### ASSIGNMENT
Starting with the line that contains "Tres juegos de PlayStation 2 con 8mandos" and ending with the last line of the listing, print each line exactly. Pictures stay out.

### SUPPLIED DATA
------------------------------------

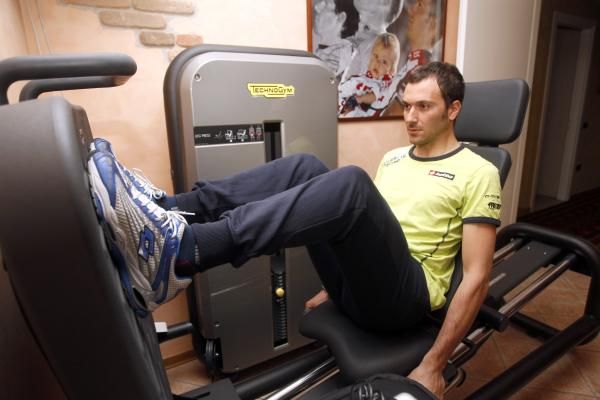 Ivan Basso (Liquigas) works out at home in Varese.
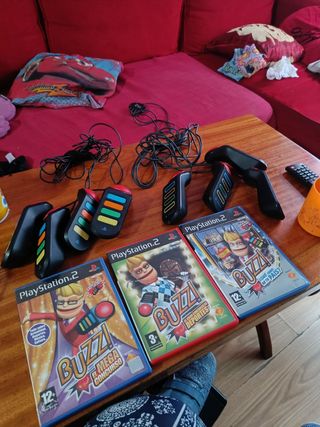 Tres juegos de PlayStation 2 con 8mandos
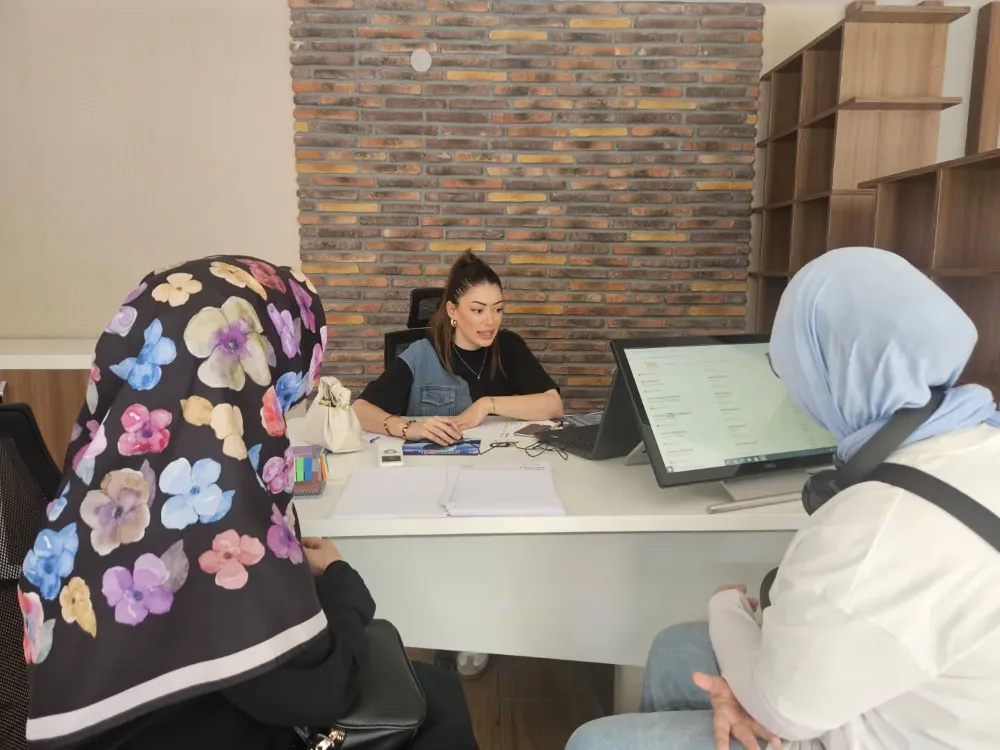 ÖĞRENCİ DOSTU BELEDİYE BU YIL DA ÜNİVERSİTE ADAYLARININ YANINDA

------------------------------------

### OUTPUT
 Tres juegos de PlayStation 2 con 8mandos
 ÖĞRENCİ DOSTU BELEDİYE BU YIL DA ÜNİVERSİTE ADAYLARININ YANINDA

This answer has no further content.